İtirazın iptali davası nedir?
İtirazın iptali davası, borçlunun itirazının hükümsüz kılınarak, itiraz ile duran ilâmsız takibe konu olan alacağın varlığının saptanarak, icra takibinin devam etmesini (ve bu suretle, takip konusu alacağın borçludan alınmasını) sağlamak amacı ile açılır. Başka bir deyişle; “itirazın iptali davasında, “alacaklının, itirazın kendisine tebliğinden itibaren bir yıl içinde, borçlunun itiraz ettiği alacağın tespiti ve itirazın iptali (ve ayrıca alacağın ödetilmesi) dileğiyle açtığı bir davadır.

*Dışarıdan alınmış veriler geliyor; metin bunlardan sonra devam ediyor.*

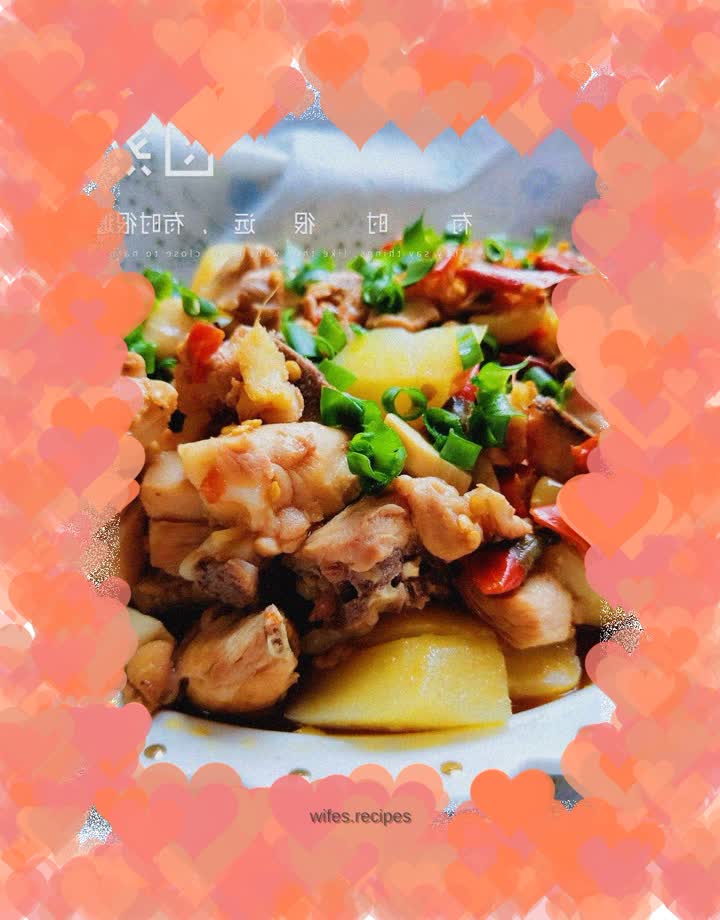 Steamed Chicken with Chopped Peppers and Potatoes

Bu davanın niteliğinin ne olduğu gerek doktrinde ve gerekse uygulamada duraksama konusu olmuştur. Doktrine egemen olan görüşe göre; “bu dava normal bir e d a (alacak = tahsil) davasıdır. Çünkü; “itirazın iptali‟ talebi zorunlu olarak „alacağın tahsili‟ talebini de kapsar...” Buna karşın diğer bir görüşe göre ise, “itirazın iptali davası bir ,eda davası‟ olmadığı gibi, dava sonunda itirazın iptaline dair verilecek ilâm da bir ,tahsil ilâmı‟ değildir. Çünkü, itirazın iptali davası ile, alacaklı mahkemeden borçlunun bir edaya mahkûm edilmesini istememekte ve mahkeme de itirazın iptaline karar vermekle, borçluyu bir edaya mahkum etmemektedir. Ancak, itirazın iptali davası ve ilâmının, yargılama giderlerine ve eğer talep edilmişse, icra inkâr tazminatına ilişkin kısmi bir ,eda (tahsil) davası ve ilâmı’dır. İtirazın iptali davası bir “tesbit davası‟ niteliğindedir. Bu görüş önce, “eda (tahsil) davasının, zorunlu olarak alacağının tesbiti istemini de içereceği, bu nedenle, itirazın iptali davasının eda davası niteliğinde sayılması gerektiği” Şeklinde eleştirilmiş daha sonra da; “itirazın iptali davasının mevzuu evvelemirde, ödeme emriyle istenilen alacağın hüküm altına alınması olacaktır. Alacağın varlığını ortaya koyacak dava, tesbit davası olduğu kadar alacağın tahsili davası olabilecektir” denilmiştir.